New build, problematic performance

Minxster

Dabbler
Joined
Sep 27, 2013
Messages
36
Purchased and built already specs:
Supermicro Motherboard: X11SPM-TF for single Socket LGA3647 CPU
CPU: INTEL Xeon SILVER 4108 1,8GHz socket LGA3647 Scalable, 8 cores, 16 threads, DDR4-2400
64GB RAM: 2x SAMSUNG 32GB DDR4-2400 LRDIMM ECC Registered CL17 Dual Rank
NIC - Onboard dual 10gbe
HBA Card: Broadcom (Avago, LSI) 9305-16i, 16 ports - latest firmware
Hard drives - 16 x He10 HGST 4Kn 10TB SATA 220MB/s
Boot Device: Samsung 960 EVO NVMe M.2 250GB PCIe 3 3.0
FreeNAS : 11.1-U5

Array make-up : Waiting to run either 2 x 8 RAID Z2 or 8 x 2 Mirrored (RAID 10) - For now I'm focusing on the Mirror setup.

This is no my first build, but it is the first one that I'm wanting to push the performance as best I can.

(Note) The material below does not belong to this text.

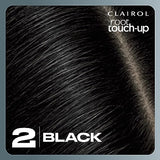 Clairol Root Touch-Up by Nice'n Easy Permanent Hair Dye, 2 Black Hair Color, Pack of 2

So to the problem : The server has come together well, but am finding serious problems with performance. Before I start looking into NIC performance issues, I've been running 'dd' tests to benchmark the server itself in RAID10

Here is a test done with the 8 x 2 Mirrored setup:
file type size count tot size gbyte process seconds bytes per sec calc to mbytes calc to gbytes
zero 2048k 100k 200 write 133.3 1610142624 1535.6 1.5
zero 2048k 100k 200 read 283.2 758075548 723.0 0.7

I've checked CPU and it's not pushing hard at all, and even the busy % (when on read) is only sitting at around 20%.

For the life of me I can't see why this is so slow and/or what the bottleneck is...

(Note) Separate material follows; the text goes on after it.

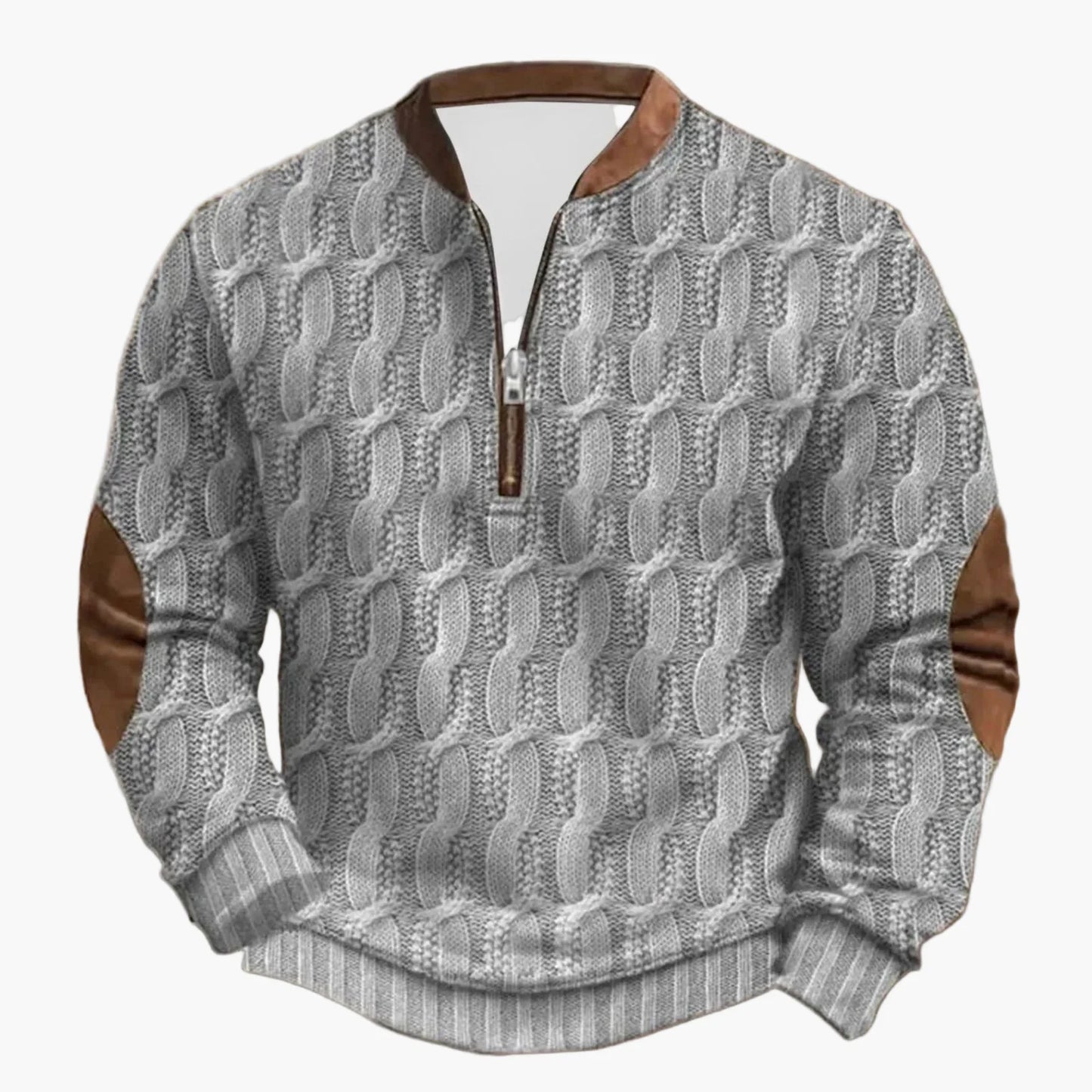 Herren Outdoor Freizeit Pullover mit Stehkragen und Zipper – Stilvoller Langarm-Sweater für Alltag und Abenteuer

Does anyone have any experience with this hardware that can maybe shed some light on what happening?
 

Attachments

  • RAID10 Setup.png
    RAID10 Setup.png
    36.7 KB · Views: 377
Joined
Dec 29, 2014
Messages
1,135
Before you get info debugging the pool performance, I would suggest that you test the drives using the CLI command diskinfo. I would definitely suggest removing the drives to be tested from the pool first, particularly if you are going to do write testing. See what kind of performance you get there first. That will likely give you an idea where to go next.
 

Minxster

Dabbler
Joined
Sep 27, 2013
Messages
36
Thanks Elliot. If I run the whole array as one big stripe it does perform with high utilisation of all disks.

I saw a post where someone found a bad disk by using gstat -p (?) to identify a disk that was too busy, can't see one drive sticking out like a sore thumb. I did run short smart tests on all drives and they had no issue.

FYI : Unused onboard controllers are all of too.

Sent from my HTC One M9 using Tapatalk
 
Joined
Dec 29, 2014
Messages
1,135
I am not as familiar with the gstat command, but I would be interested in seeing the performance of each disk from a diskinfo -wS to see if they all perform at the same level.
 

Dice

Wizard
Joined
Dec 11, 2015
Messages
1,410

Minxster

Dabbler
Joined
Sep 27, 2013
Messages
36
So I've managed to get some time on the server, I've run the diskinfo -t daX which I've attached the results for each disk.

I've gone in to check the HBA firmware version, dmesg | grep mpr, this is also attached, but it's on version 16.0.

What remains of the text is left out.